Ascension. Chico est égoutier à Paris. Quoique jeune, fort et beau, il touille toute la journée les canaux avec son ami « le rat ». Il est une force qui va, optimiste et d'une confiance inébranlable en lui « Je suis un type formidable » lance-t-il aux quatre vents. Diane est une jeune orpheline qui vit avec sa sœur, une teigne qui la fouette, il faut voir comment. Diane est la pure jeune fille, femme-enfant au visage de sainte ou d'innocente héroïne sadienne. Même si ce n'est pas clairement exprimé, les deux femmes survivent en se prostituant. Débarque un riche couple d'oncle et tante venu pour les aider. Diane, incapable de mensonge, leur avoue les expédients auxquels elles ont eu recours. Oncle et tante outrés les abandonnent, déclenchant la fureur de la sœur qui poursuit Diane à coups de cravache dans les rues. La caméra de Borzage s'envole dans le décor pour suivre cette scène impressionnante de violence. Surgissant de son égout comme un héros mythologique, Chico sauve Diane et la déclare sa femme pour donner le change à la police. Du coup, il est obligé, malgré son mépris affiché, de l'emmener chez lui et de la garder un temps. C'est ce qui déclenche le processus amoureux. Les deux êtres vont se transfigurer, se révéler l'un à l'autre et à eux-même. Diane va vaincre sa peur et se transformer en femme, Chico va découvrir sa délicatesse et se dépouiller de son égoïsme.

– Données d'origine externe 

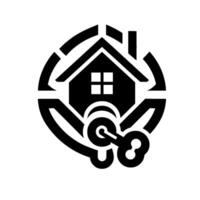 Black and White Real Estate Depicting a House, Key, and Circular Element, Representing Home Security and Ownership. vector
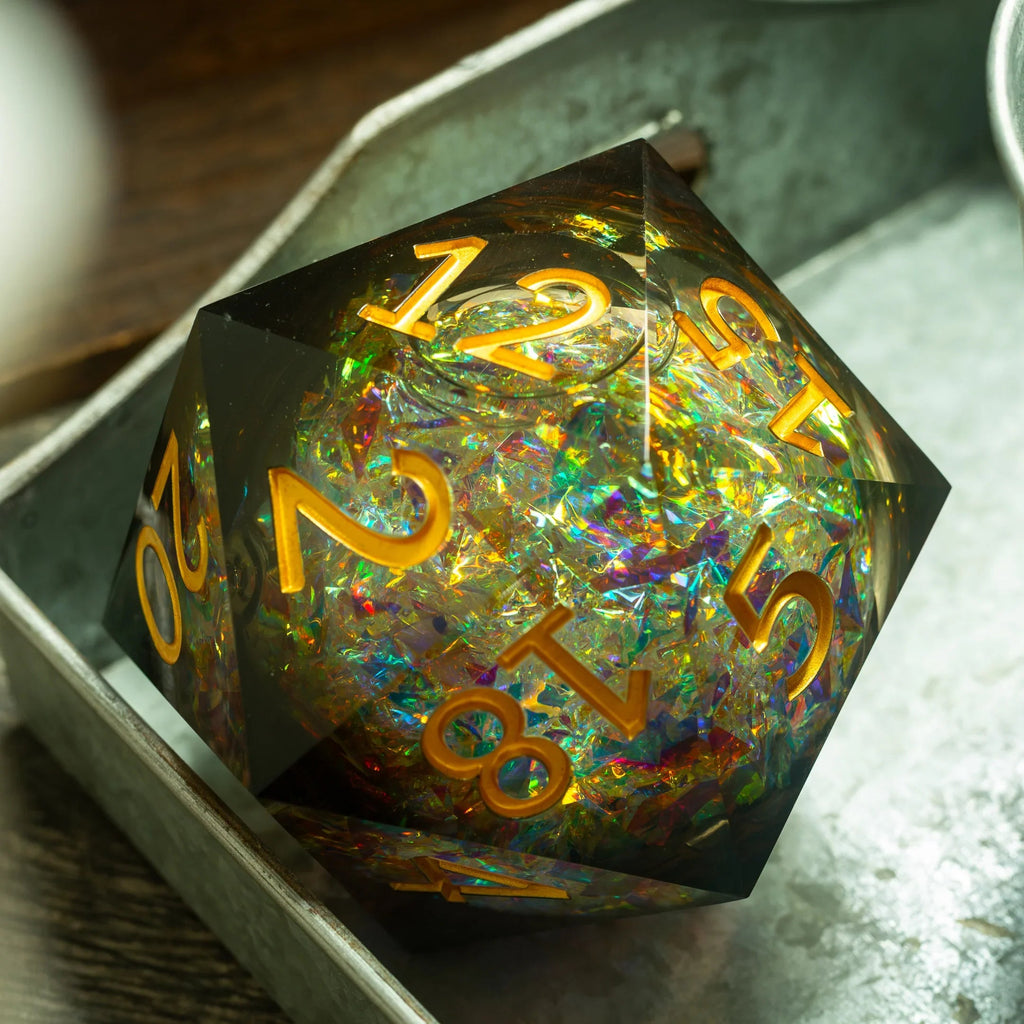 Massive Dark Black And Foil Liquid Core 95MM Chonk Handmade Resin Dice And Box | Resin Chonk | Wiccan Center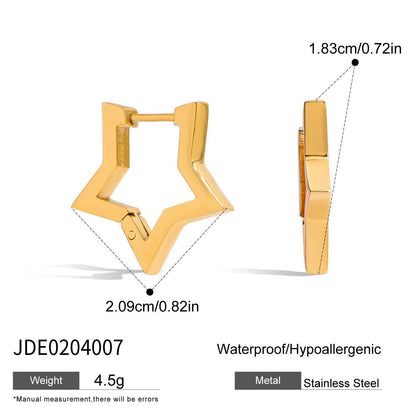 18K Gold Sweetheart Star Heart Small Hoop Huggie Earrings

Ascension. Dans une scène inoubliable, long travelling ascendant dans la cage d'escalier, Chico fait monter Diane chez lui, au septième étage d'un immeuble parisien rêvé qui inspirera sans doute René Clair et Marcel Carné (alors critique enthousiaste du film). La vaste mansarde est d'un romantisme fou et pour le couple l'écrin paradisiaque où leur couple va éclore. Un monde à part sous les étoiles et le ciel de Paris. Dans un premier temps, avec tendresse et finesse, Borzage décrit l'invention d'une vie commune, les gestes du respect de Chico pour Diane, les attentions de Diane pour Chico. Elle lui fait le café le matin et, dans une courte scène à l'érotisme troublant, s'enveloppe dans sa veste dont elle vient de recoudre un bouton. C'est très beau. C'est la quintessence de l'expressivité du cinéma muet. Dans un second temps, le monde extérieur se rappelle au bon souvenir des personnages et ils vont devoir traverser une série d’épreuves initiatiques qui vont éprouver leur amour : la guerre, la séparation, la mort. Ce qui est remarquable chez Borzage, c'est qu'il emprunte à un mysticisme religieux pour le remettre à l'échelle du couple. Comme le note Hervé Dumont, le couple est auto-suffisant chez Borzage et sa force est telle qu'il réinvente le monde autour de lui, repoussant les forces spirituelles et sociales établies : l'église, l'armée, la police, la bourgeoisie. Sans le côté provocateur, {Seven heaven} est proche en cela de l'Age d'or (1930) de Luis Bunuel. Il y a bien un curé sympathique, mais il est vite dépassé par ce qui se joue entre Chico et Diane. Il donne les médailles pieuses, mais sans réaliser la valeur qu'elles vont prendre, une valeur qui sera celle que le couple décide de leur donner. Quand le couple s'unit, il organise la cérémonie seul, échangeant vœux et médailles sans prêtre ni officier d'état civil.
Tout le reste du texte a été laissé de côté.